[Short text fragments from websites]
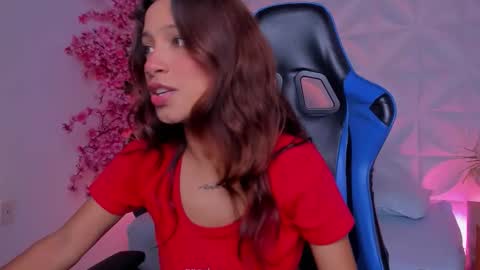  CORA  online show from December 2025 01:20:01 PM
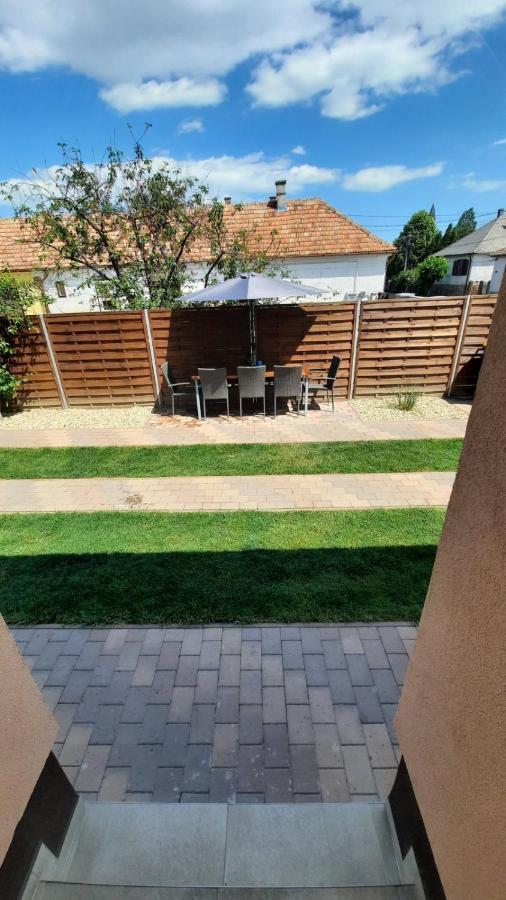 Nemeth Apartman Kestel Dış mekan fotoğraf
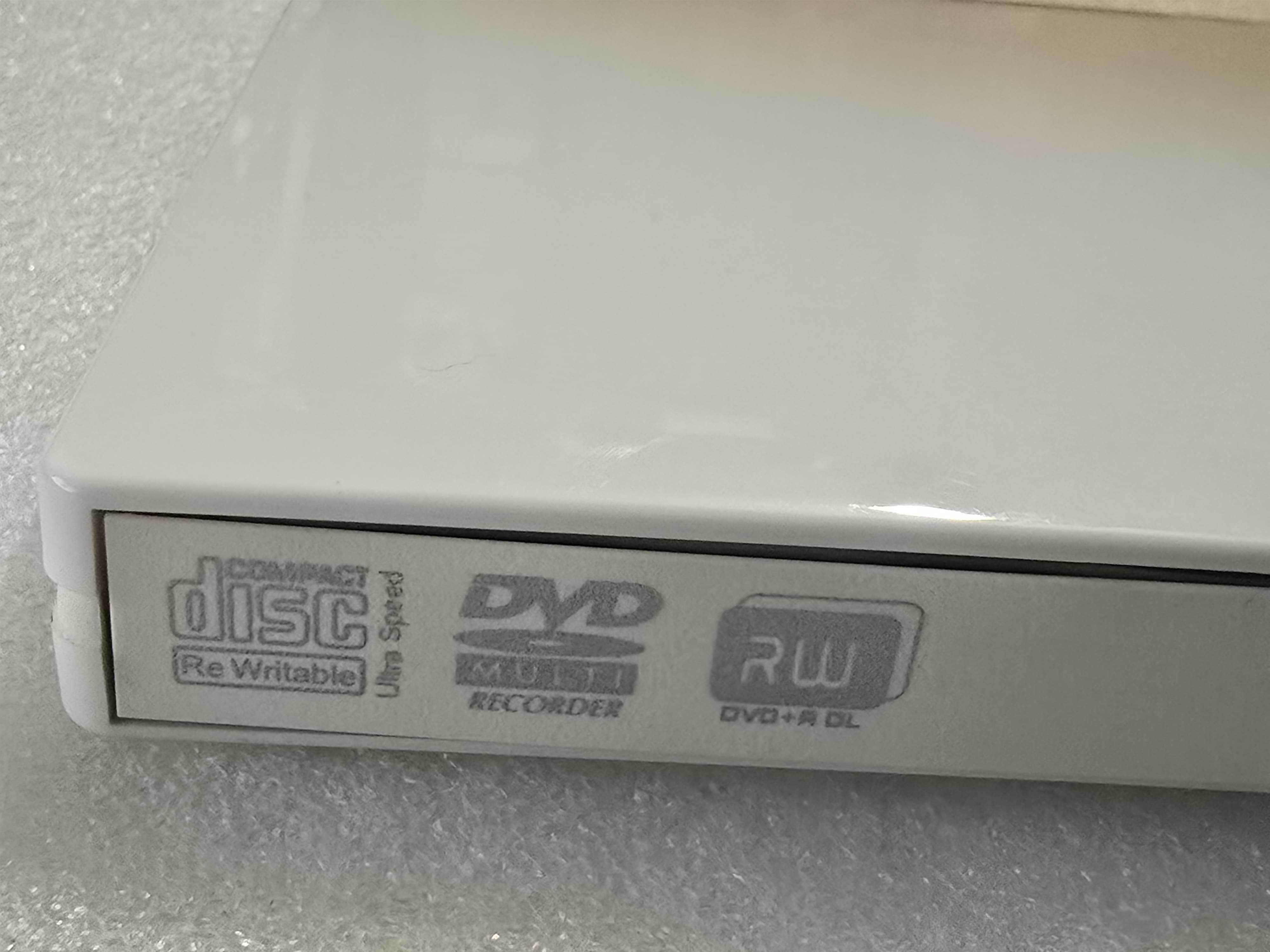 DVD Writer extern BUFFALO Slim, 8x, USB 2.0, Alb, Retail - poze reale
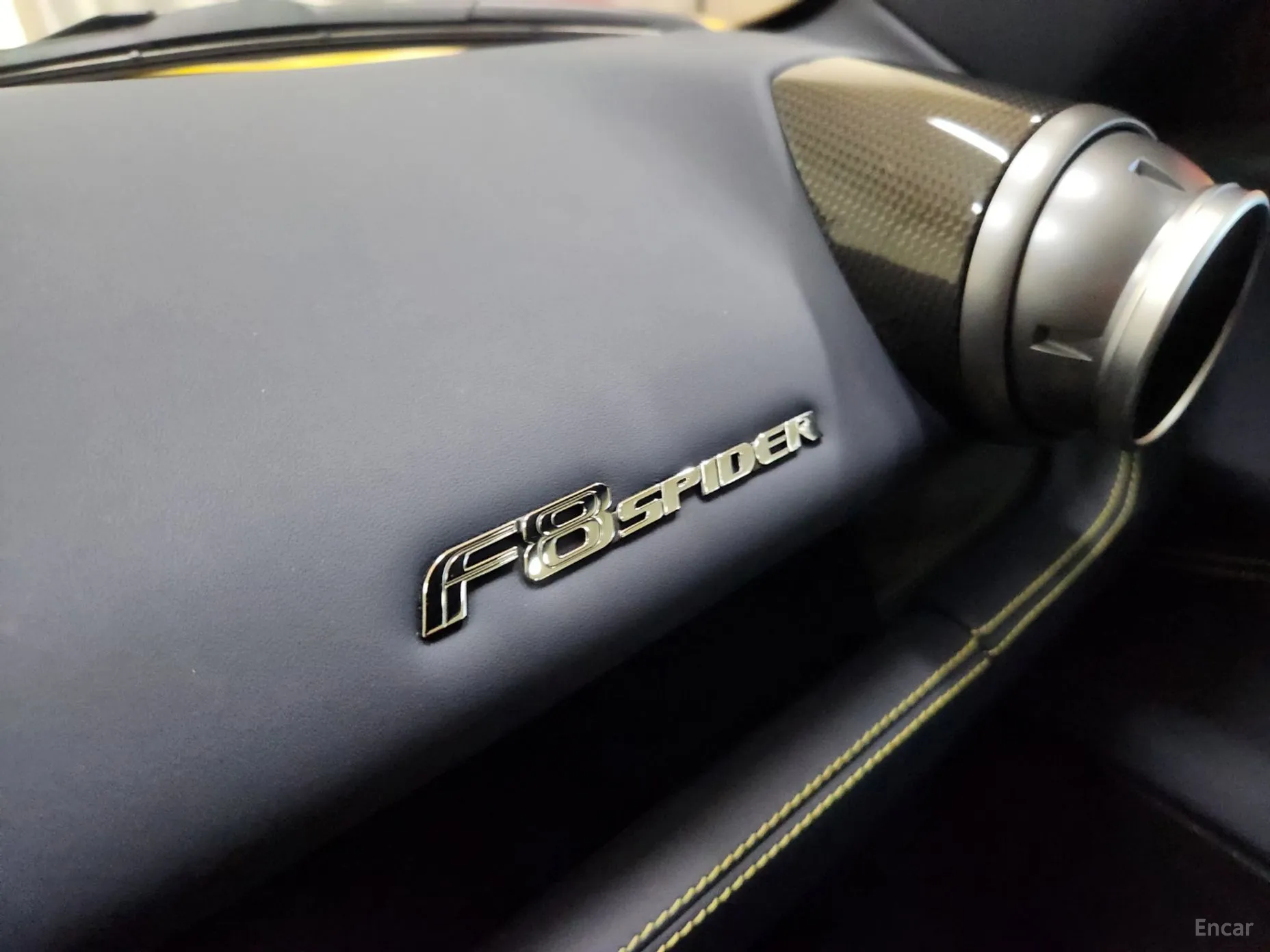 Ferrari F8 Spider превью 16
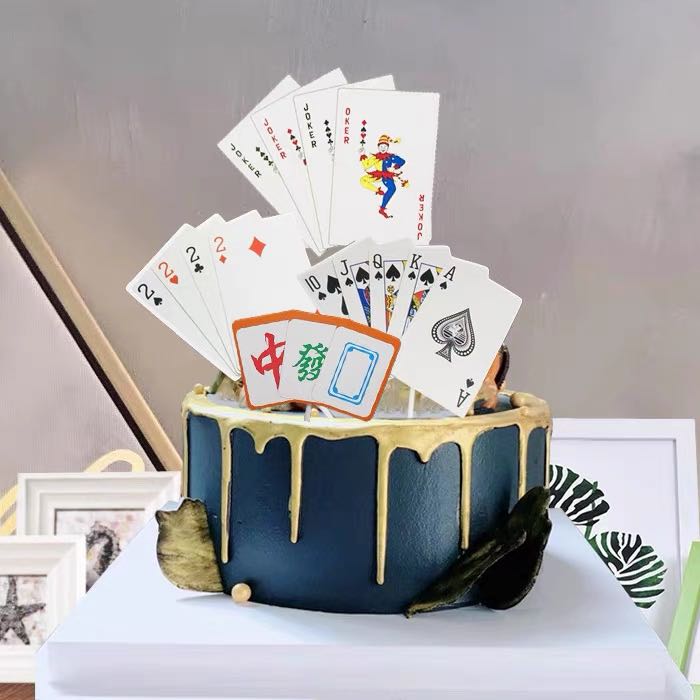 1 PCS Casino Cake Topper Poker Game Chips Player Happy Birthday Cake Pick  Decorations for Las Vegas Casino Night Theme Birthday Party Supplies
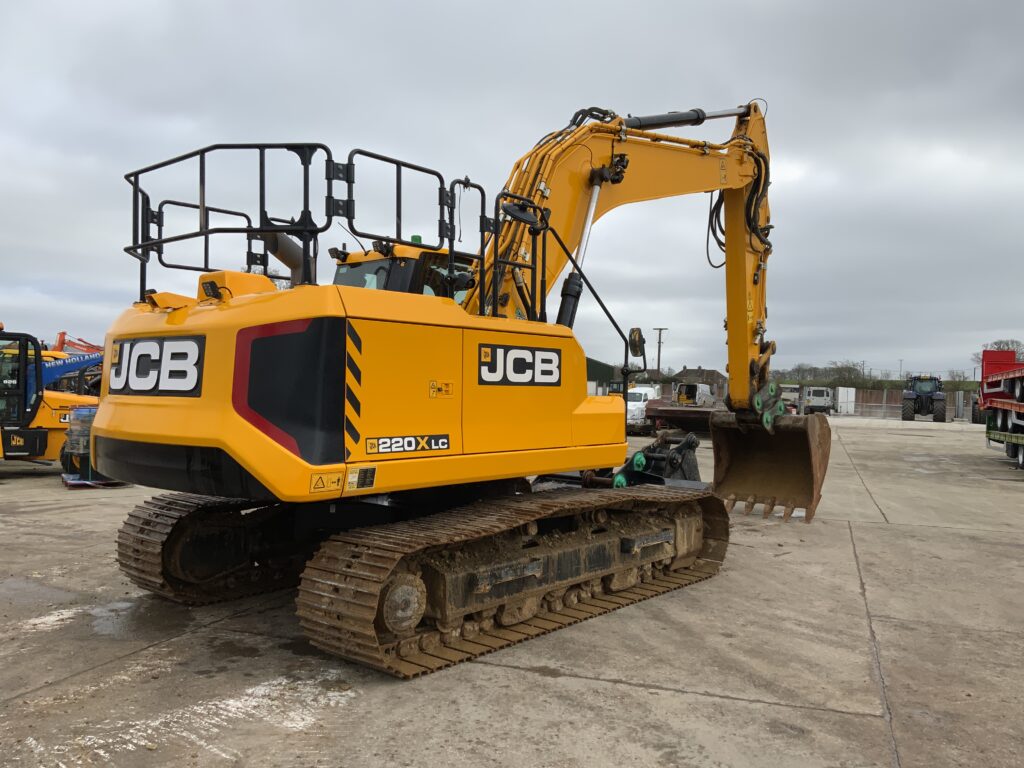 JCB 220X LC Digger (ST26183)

HOW TO COMPLETE THIS TASK: Since the copy must contain no pictures, return only the text of the records, exactly as it stands.

ANSWER TO THE EXERCISE:
  CORA  online show from December 2025 01:20:01 PM
 Nemeth Apartman Kestel Dış mekan fotoğraf
 DVD Writer extern BUFFALO Slim, 8x, USB 2.0, Alb, Retail - poze reale
 Ferrari F8 Spider превью 16
 1 PCS Casino Cake Topper Poker Game Chips Player Happy Birthday Cake Pick  Decorations for Las Vegas Casino Night Theme Birthday Party Supplies
 JCB 220X LC Digger (ST26183)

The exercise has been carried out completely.